• [Scraped caption text data]
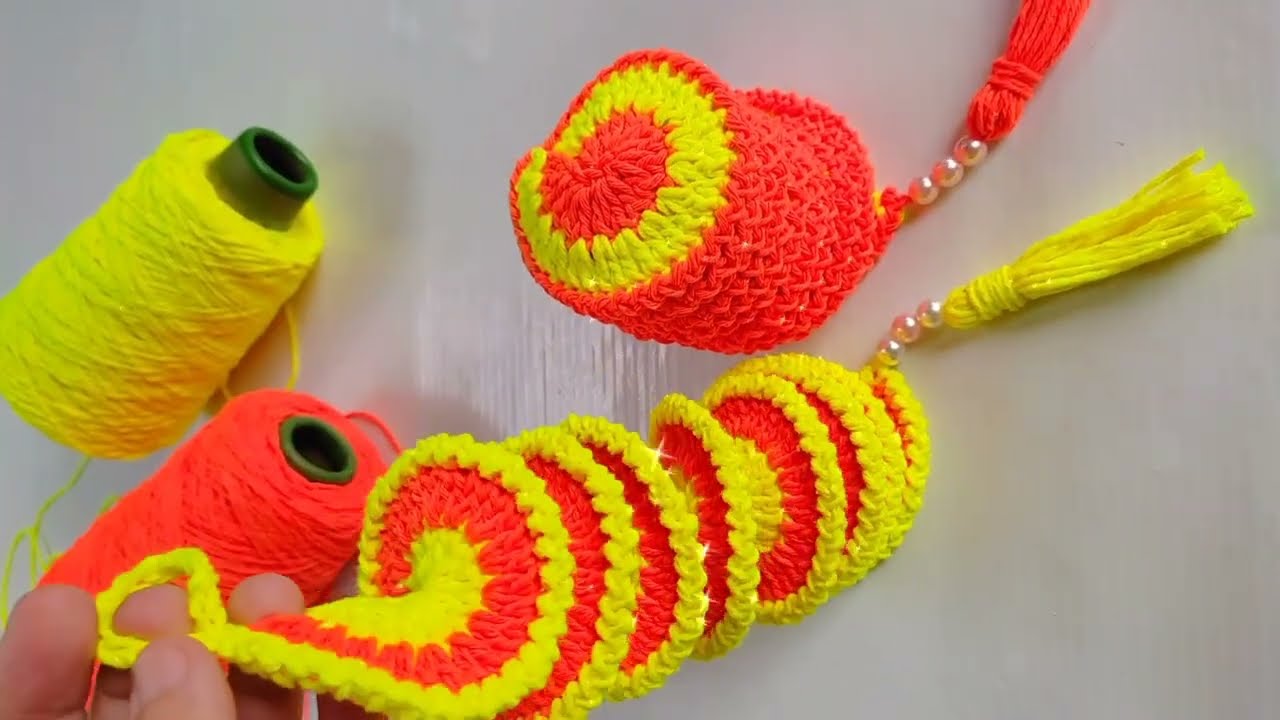 Cata vento de crochê para varandas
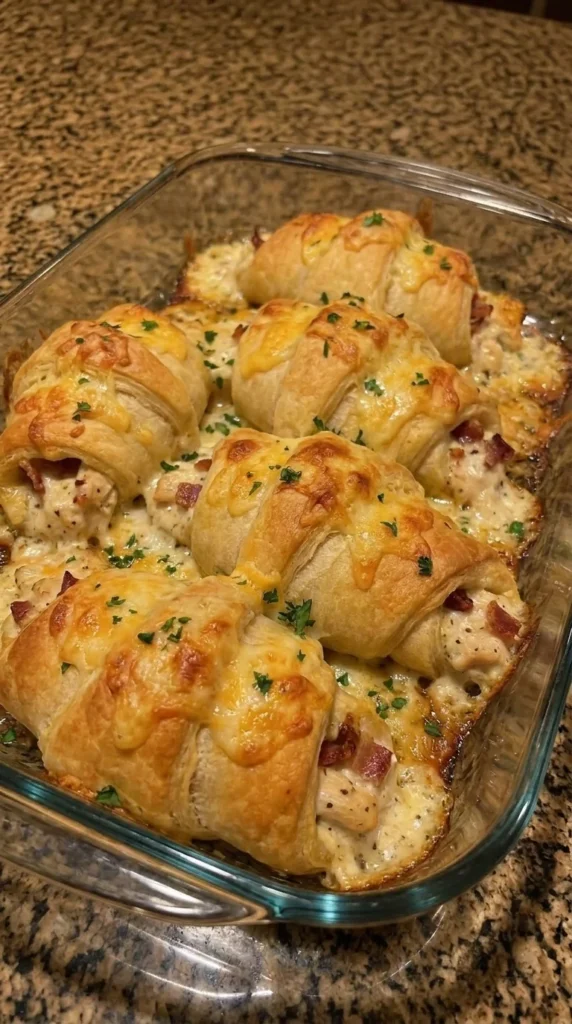 Crack Chicken Crescent Rolls
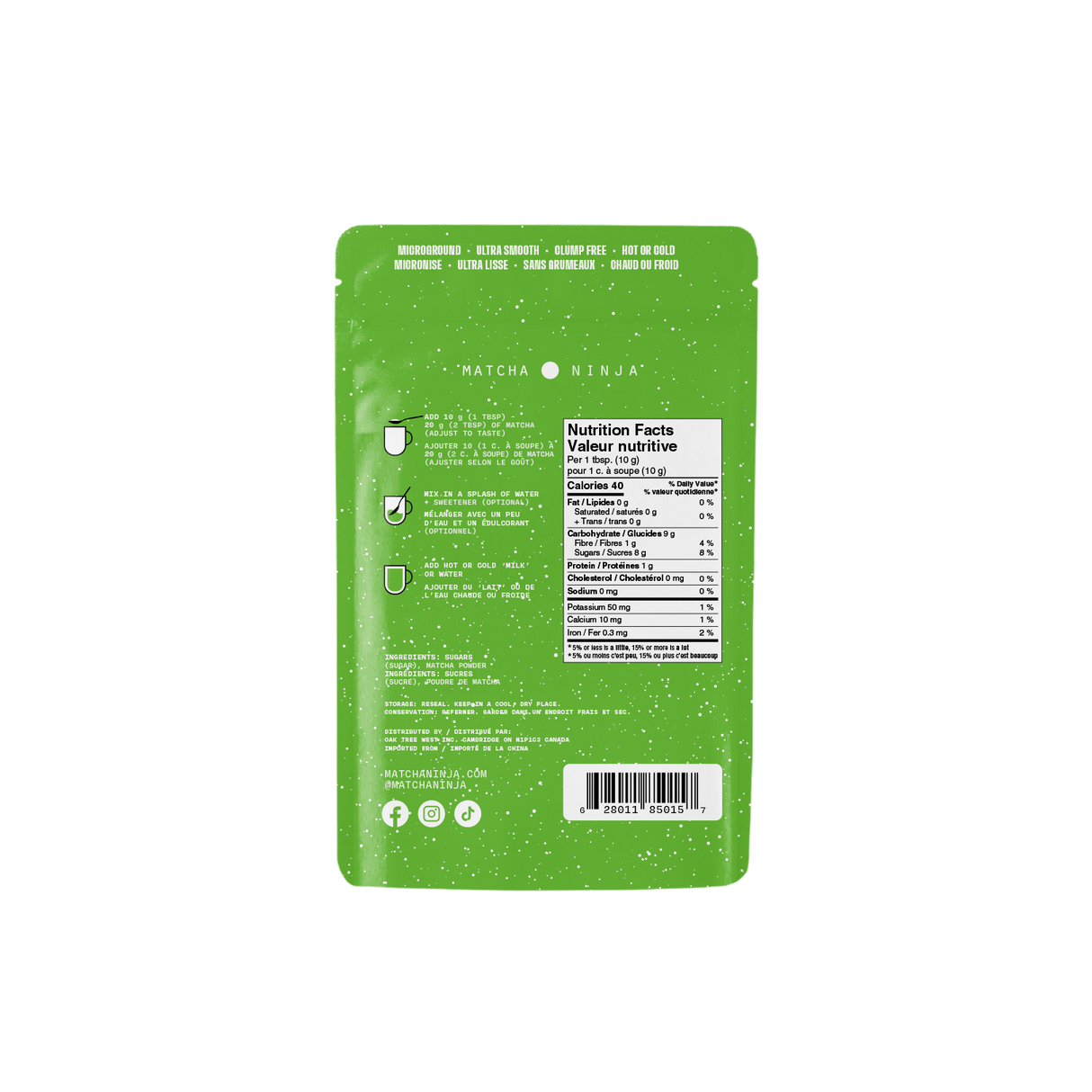 Matcha Ninja Sweetened Latte Blend 150g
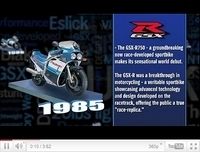 26 ans de Suzuki GSX-R en vidéo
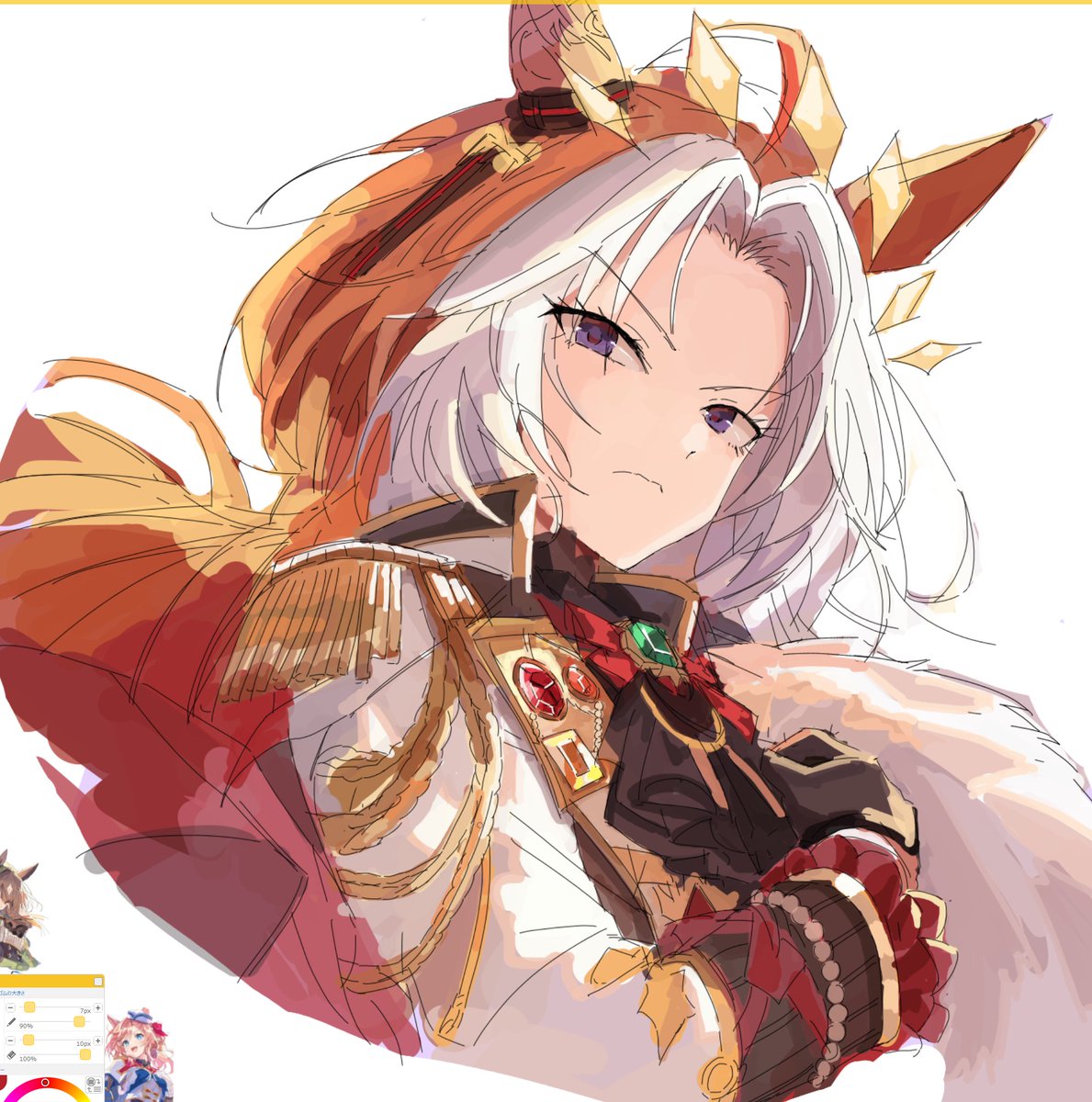 sanbai2012's tweet photo. 今日の絵チャ
ウマ娘 オルフェーヴル https://t.co/1FiRM8nkG8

• [Instructions to follow]
Please print the data above in its entirety, exactly, but without any picture.

• [Solution]
 Cata vento de crochê para varandas
 Crack Chicken Crescent Rolls
 Matcha Ninja Sweetened Latte Blend 150g
 26 ans de Suzuki GSX-R en vidéo
 sanbai2012's tweet photo. 今日の絵チャ
ウマ娘 オルフェーヴル https://t.co/1FiRM8nkG8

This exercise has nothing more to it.